当他们以撇号开头时将城市名称大写

I have an issue with right capitalization of (dutch) city names when they start with an apostrophe. For instance I could have the names:

'S-HERTOGENBOSCH or 's gravendeel or 'T Harde

What I would like to do is to bring all to lowercase and then capitalize the following letter after the prefix 'S or 's or 'T. So the outcome should be:

's-Hertogenbosch and 's Gravendeel and 't Harde

I'm thinking about using a Regex to do this but am not quite sure yet how this should be done. Could someone point me in the right direction?

Thanks!

Try the following function which is based on sanchises RegEx (I edited it slightly...):

function dutch_city_name($name) {
    $name = strtolower(trim($name));
    $matches = array();
    preg_match("/'([a-z])( |-)[a-z]*/", $name, $matches);
    if(count($matches) == 0) {
        return $name;
    }
    return "'".$matches[1].$matches[2].ucfirst(substr($name, 3, strlen($name) - 3));
}

I tried it and it is working.

Firstly, I would like to reccomend websites like regex101.com or equivalent. Then, lets talk you through a very basic regex: -You want the literal "'" character followed by exactly one other character which you would like to match to 'uncapitalize', -and then a whole word

Basically, you need to match something of the form '(a-zA-Z)(?: |\-)[a-zA-Z]*. From left to right

  • ' Literal '
  • (a-zA-Z) Single character in the alphabet, lower- or uppercase. Is a matching group.
  • (?: |\-) Either a space or a dash. Is not a matching group
  • [a-zA-Z]* A series of characters in the alphabet. Could be (a-zA-Z)* if you want something with this bit too.
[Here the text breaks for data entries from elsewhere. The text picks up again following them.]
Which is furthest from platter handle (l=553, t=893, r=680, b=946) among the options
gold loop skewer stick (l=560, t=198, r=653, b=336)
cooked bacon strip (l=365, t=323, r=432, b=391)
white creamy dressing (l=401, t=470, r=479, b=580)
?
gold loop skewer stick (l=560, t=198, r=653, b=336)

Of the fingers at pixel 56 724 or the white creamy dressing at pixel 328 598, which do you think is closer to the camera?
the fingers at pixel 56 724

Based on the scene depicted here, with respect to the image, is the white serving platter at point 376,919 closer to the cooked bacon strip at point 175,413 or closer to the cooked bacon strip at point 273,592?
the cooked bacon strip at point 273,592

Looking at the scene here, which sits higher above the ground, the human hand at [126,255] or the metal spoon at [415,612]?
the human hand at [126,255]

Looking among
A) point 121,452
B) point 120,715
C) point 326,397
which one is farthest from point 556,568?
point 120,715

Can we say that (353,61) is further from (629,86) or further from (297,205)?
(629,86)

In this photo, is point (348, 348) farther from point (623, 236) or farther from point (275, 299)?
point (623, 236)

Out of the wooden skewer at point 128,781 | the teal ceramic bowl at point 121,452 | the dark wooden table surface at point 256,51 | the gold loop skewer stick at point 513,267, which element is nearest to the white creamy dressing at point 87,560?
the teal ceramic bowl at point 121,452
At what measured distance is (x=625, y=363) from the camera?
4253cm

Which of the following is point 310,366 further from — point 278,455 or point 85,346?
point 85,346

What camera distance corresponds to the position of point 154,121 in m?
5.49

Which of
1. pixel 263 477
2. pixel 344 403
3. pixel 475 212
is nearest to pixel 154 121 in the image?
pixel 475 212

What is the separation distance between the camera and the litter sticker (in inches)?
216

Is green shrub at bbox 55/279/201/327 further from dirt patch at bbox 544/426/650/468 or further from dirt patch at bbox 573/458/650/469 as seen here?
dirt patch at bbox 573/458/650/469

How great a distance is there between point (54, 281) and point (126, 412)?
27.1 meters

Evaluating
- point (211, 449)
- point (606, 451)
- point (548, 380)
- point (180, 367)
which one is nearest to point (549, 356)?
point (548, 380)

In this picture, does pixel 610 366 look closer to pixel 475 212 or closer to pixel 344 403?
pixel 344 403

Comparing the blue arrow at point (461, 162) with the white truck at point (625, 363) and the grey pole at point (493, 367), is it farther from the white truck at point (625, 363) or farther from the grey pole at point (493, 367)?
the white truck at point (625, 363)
Now that you have your matching, all you need to do is replace it with the uncapitalized version, for example using a PHP function.

You could use preg_replace_callback.

$city = strtolower("'T-HERTOGENBOSCH");

echo preg_replace_callback("/('(s|t)( |\-))([a-z])/", function($matches) {
    return $matches[1] . ucfirst($matches[4]);
}, $city);

The pattern is using multiple subpatterns, whose results getting reassembled in the callback function:

('(s|t)( |\-)) # Apostrophe, then 's' or 't', then '<space>' or '-'
([a-z])        # The following lowercased character

Note that I've wrapped the first part into an additional subpattern. This makes reassembling it simpler.

Here's one without regex. It simply checks if the first character is an apostrophe and if so, skips the character after the apostrophe when searching for the first letter to capitalize.

function capitalizeCityName($name) {

    $name = strtolower(trim($name));        
    $i = ($name[0] === "'") ? 2 : 1;

    for(; $i<strlen($name); $i++) {
        if(ctype_alpha($name[$i])) {
            $name[$i] = strtoupper($name[$i]);
            break;
        }
    }

    return $name;
}

print capitalizeCityName("'T Harde"); //'t Harde
print capitalizeCityName("Harde"); //Harde

I don't know if the PHP replace function you want to use supports changing case of letters on dynamic replace string. But following worked with Perl regular expression engine in text editor UltraEdit v21.10.

Search string:

'([STst])(\W)(\w)([\w\-]+)

Replace string:

'\L\1\E\2\U\3\E\L\4\E

or

'\l\1\2\u\3\L\4\E

The search string matches:

  • a straight apostrophe,
  • followed by character s or t in any case marked for backreferencing as string 1,
  • a single non word character marked for backreferencing as string 2,
  • a single word character marked for backreferencing as string 3,
  • 1 or more additional word characters or hyphens marked for backreferencing as string 4.

The replace string:

  • keeps the apostrophe,
  • first marked string (character s or t in any case) converted to lower case,
  • second marked string unmodified,
  • third marked string (first word character of city name) converted to upper case,
  • fourth marked string converted to lower case.

Explanation of the special characters in replace string:

  • \l ... convert only next character to lower case.
  • \u ... convert only next character to upper case.
  • \L ... convert all characters up to \E to lower case.
  • \U ... convert all characters up to \E to upper case.

Note: The case conversion works only for the ASCII letters A-Za-z and not for language specific, localized letters like German umlauts, characters with an accent, etc.